User interface friction Research Vista vs XP vs Mac OS - nippotam
http://www.pfeifferreport.com/trends/trend_vistauif.html
======
mynameishere
_Problem Area 3: Mouse precision ... Windows Vista scored a Mouse Precision
Error Coefficient of 0.52, compared with 0.40 for Windows XP, and 0.08 (!) for
Mac OS X_

Not even sure how to approach this in a critical way. It reminds me of the
sort of made-up, seemingly-mathmatical, but ultimately befuddling stats that
you sometimes here in infomercials for copper-wrist band arthritis cures.
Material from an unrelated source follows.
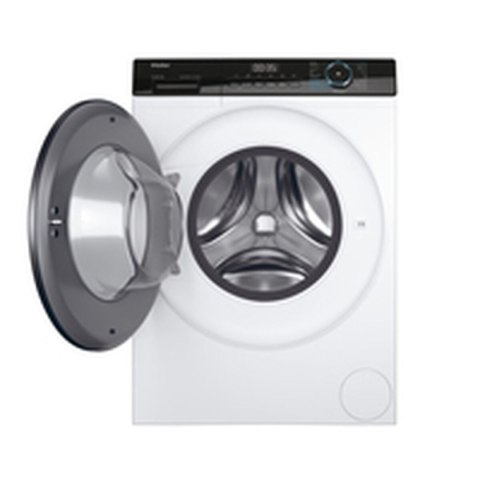 Pralka Haier HW80BP14939IB 60 cm 1400 rpm 8 kg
The windows mouse pointer seems to work on a pixel-by-pixel basis, when moving
slowly. Not sure what kind of precision they are after. And if there was some
serious problem, then gamers, who 1) Rely upon precise mouse movements and 2)
Have low transition costs, would have moved to Macs a long, long, long time
ago.

------
mattculbreth
Latency in general is an excruciating side effect of Vista. I'm running it in
Parallels on my MacBook Pro and it's really tough to keep from throwing my
Mighty Mouse across the room. Load up XP in the same environment and I'm good
to go. Starting to wonder why I "upgraded" the thing.

Just to be balanced though (somewhat), the Office 2007 UI is slick. It's nice
to use once you get over the learning curve. You'll catch yourself saying,
"where the hell is Paste As Special?" for the first week or so though.